## Your assignment
Print the data exactly as it is given, please.
*** Begin section ***
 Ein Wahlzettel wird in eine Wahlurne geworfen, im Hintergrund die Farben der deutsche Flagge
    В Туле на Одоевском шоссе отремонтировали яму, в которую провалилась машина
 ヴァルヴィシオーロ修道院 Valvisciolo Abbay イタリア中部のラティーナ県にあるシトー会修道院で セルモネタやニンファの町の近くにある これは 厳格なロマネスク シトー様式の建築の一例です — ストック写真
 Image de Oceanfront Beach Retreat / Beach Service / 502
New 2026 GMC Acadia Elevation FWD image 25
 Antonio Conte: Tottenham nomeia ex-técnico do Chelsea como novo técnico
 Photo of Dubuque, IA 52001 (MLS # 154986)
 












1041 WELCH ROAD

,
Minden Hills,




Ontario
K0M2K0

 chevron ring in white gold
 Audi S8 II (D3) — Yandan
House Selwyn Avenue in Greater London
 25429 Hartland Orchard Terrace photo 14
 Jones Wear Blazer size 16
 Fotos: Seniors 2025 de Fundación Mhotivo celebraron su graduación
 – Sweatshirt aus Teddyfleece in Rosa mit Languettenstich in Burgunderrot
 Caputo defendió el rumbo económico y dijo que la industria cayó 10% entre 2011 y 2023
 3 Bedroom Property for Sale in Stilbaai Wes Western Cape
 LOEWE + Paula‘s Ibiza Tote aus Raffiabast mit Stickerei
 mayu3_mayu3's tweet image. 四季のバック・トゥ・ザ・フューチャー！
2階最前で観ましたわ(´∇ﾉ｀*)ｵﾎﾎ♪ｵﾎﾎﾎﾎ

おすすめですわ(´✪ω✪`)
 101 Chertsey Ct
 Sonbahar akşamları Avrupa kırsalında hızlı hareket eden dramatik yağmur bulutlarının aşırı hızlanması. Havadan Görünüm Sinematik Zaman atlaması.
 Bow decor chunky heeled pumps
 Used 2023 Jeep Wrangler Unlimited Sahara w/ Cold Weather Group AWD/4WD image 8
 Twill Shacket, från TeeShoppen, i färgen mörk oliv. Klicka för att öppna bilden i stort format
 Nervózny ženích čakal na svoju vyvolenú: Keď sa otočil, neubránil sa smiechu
*** End section ***
## Solution for this problem
 Ein Wahlzettel wird in eine Wahlurne geworfen, im Hintergrund die Farben der deutsche Flagge
    В Туле на Одоевском шоссе отремонтировали яму, в которую провалилась машина
 ヴァルヴィシオーロ修道院 Valvisciolo Abbay イタリア中部のラティーナ県にあるシトー会修道院で セルモネタやニンファの町の近くにある これは 厳格なロマネスク シトー様式の建築の一例です — ストック写真
 Image de Oceanfront Beach Retreat / Beach Service / 502
New 2026 GMC Acadia Elevation FWD image 25
 Antonio Conte: Tottenham nomeia ex-técnico do Chelsea como novo técnico
 Photo of Dubuque, IA 52001 (MLS # 154986)
 












1041 WELCH ROAD

,
Minden Hills,




Ontario
K0M2K0

 chevron ring in white gold
 Audi S8 II (D3) — Yandan
House Selwyn Avenue in Greater London
 25429 Hartland Orchard Terrace photo 14
 Jones Wear Blazer size 16
 Fotos: Seniors 2025 de Fundación Mhotivo celebraron su graduación
 – Sweatshirt aus Teddyfleece in Rosa mit Languettenstich in Burgunderrot
 Caputo defendió el rumbo económico y dijo que la industria cayó 10% entre 2011 y 2023
 3 Bedroom Property for Sale in Stilbaai Wes Western Cape
 LOEWE + Paula‘s Ibiza Tote aus Raffiabast mit Stickerei
 mayu3_mayu3's tweet image. 四季のバック・トゥ・ザ・フューチャー！
2階最前で観ましたわ(´∇ﾉ｀*)ｵﾎﾎ♪ｵﾎﾎﾎﾎ

おすすめですわ(´✪ω✪`)
 101 Chertsey Ct
 Sonbahar akşamları Avrupa kırsalında hızlı hareket eden dramatik yağmur bulutlarının aşırı hızlanması. Havadan Görünüm Sinematik Zaman atlaması.
 Bow decor chunky heeled pumps
 Used 2023 Jeep Wrangler Unlimited Sahara w/ Cold Weather Group AWD/4WD image 8
 Twill Shacket, från TeeShoppen, i färgen mörk oliv. Klicka för att öppna bilden i stort format
 Nervózny ženích čakal na svoju vyvolenú: Keď sa otočil, neubránil sa smiechu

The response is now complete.